3.2.3 Summary of physical gel of polymer
The anhydrous GPEs, especially for PEO-based electrolytes, are chemically and electrochemically stable to electrodes. On the other hand, the anhydrous GPEs with the wide electrochemical stability window help to improve the energy density of ZBs. Nevertheless, the ion conductivity is much lower than that of hydrous GPEs, which limits the electrochemical performances of ZBs under room temperature. Thus, improving the ionic conductivity of anhydrous GPEs is crucial to attaining high-performance ZBs, and strategies have been used in LMBs may be also appropriate for electrolytes used for ZBs.

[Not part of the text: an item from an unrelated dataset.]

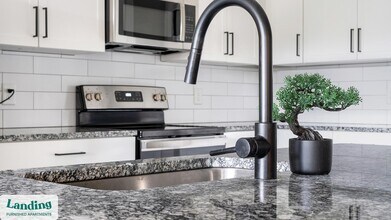 6025 Riverview Rd SE, Unit 6410 in Mableton, GA - Foto de edificio - Building Photo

3.3 Chemical polymerization of monomer
Though several research indicated that GPEs prepared by ex-situ methods deliver the high ionic conductivity, enhanced safety and nonflammability, GPEs cannot well penetrate into the pores of electrode materials, leading to high interface impedance and irreversible capacity decay of batteries. In addition, the preparation process of anhydrous GPEs prepared by ex-situ methods inevitably involves in the solvent evaporation of organic solvents, which is not environmentally friendly. In contrast, in-situ methods are not only able to solve the above problems but suppress the dendrite growth and diffusion of transition metal ions [173]. The reports related with the in-situ preparation of GPEs and assemblage of ZBs are limited, which will be introduced in this part according to the kinds of monomers.
3.3.1 In-situ polymerization of acrylic acid
In addition to in-situ preparation of hydrous PAA-based electrolytes, acrylic acid also can be used to prepare anhydrous GPEs. Zhi's group [174] in-situ prepared the thermo-responsive gel electrolytes through the free radical polymerization of acrylic acid (AA), N-isopropylacrylamide (NIPAM) and methylene-bis-acrylamide (MBAA), which was able to optionally switch from sol to gel if suffering from the high temperature. The in-situ assembled ZBs showed a stable cycling at room temperature, while the battery could not reach a charge voltage of 1.8 V in a long time due to the enhanced interface resistance and low ion diffusion of Zn2+. Interestingly, the battery could return to the original state when the temperature dropped. This ingenious design may effectively boost the development of smart GPEs and application of GPEs on ZIBs. Therefore, the in-situ methods contribute to achieve the uniform and dendrite-free Zn deposition, intimate interface contacts, continuous pathways for the conduction of ions and enhanced ionic conductivity, which also provides fruitful insight into constructing high-performance Zn-based batteries.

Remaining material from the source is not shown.